Site
The Mitchell House is the small white cabin on the Chesapeake Bay Maritime Museum grounds. The cabin is open daily to Museum visitors. Admission may be purchased at the front gate ($20 /adult).
History
Two years older than Frederick, Eliza Bailey Mitchell was the closest sibling to Douglass. They maintained a lifelong relationship. The two of them had shared experiences under Thomas and Rowena Auld and, as Douglass later claimed, it was Eliza who taught him the art of survival in the face of hunger and abuse. Eliza and her two children were sold by Thomas Auld to her free husband, Peter Mitchell, in 1836 for $100 (a debt which they both worked for almost five years to repay). Peter Mitchell and his brother James were highly esteemed farm managers for the Hambleton family.

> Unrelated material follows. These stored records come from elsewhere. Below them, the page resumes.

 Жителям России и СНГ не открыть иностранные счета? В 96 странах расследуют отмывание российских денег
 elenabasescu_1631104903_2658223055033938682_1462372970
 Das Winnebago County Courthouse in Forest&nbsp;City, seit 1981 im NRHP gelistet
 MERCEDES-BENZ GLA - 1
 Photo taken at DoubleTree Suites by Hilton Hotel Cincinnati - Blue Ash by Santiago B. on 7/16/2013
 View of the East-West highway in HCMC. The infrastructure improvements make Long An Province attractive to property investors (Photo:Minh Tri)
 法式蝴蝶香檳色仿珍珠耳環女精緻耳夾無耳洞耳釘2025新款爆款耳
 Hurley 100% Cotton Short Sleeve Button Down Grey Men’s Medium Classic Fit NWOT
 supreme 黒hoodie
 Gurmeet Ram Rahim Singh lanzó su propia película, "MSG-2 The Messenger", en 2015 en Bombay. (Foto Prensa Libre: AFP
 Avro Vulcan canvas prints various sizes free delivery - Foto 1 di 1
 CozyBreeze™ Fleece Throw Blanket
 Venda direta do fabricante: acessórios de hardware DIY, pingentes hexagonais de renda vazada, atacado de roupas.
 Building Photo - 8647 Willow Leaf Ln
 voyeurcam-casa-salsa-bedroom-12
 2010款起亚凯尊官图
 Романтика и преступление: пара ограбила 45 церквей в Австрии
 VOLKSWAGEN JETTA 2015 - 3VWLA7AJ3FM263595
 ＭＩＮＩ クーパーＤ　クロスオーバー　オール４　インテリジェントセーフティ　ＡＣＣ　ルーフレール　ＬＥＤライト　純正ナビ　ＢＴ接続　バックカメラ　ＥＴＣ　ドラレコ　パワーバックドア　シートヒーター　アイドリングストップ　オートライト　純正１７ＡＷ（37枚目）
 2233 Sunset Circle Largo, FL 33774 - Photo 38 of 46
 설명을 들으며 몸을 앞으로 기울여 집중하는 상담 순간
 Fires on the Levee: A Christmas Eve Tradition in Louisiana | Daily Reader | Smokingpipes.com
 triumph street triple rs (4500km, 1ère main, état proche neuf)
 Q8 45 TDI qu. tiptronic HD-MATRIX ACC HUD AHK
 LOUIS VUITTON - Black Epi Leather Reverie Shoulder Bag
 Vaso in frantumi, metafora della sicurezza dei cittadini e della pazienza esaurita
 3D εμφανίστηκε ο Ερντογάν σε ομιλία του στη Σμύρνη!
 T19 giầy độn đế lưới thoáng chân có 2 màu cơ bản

Eliza Mitchell was matriarch to many generations of the Mitchell family in St. Michaels and the surrounding area. Her great-grandson James E. Thomas became the first African-American elected to the town commission in St. Michaels and the first elected president of that body. The Mitchell home originally stood on Lee Street on land subdivided from Perry Cabin by the Hambletons. The house was slated for demolition and Commissioner Thomas was a leading force to save it by relocation to the Museum. While at the museum, be sure to see the log canoes and the Edna Lockwood, a 19th century bugeye under restoration. The canoe Frederick Douglass planned to take from William Hambleton would have resembled a cross between a modern racing log canoe and a bugeye.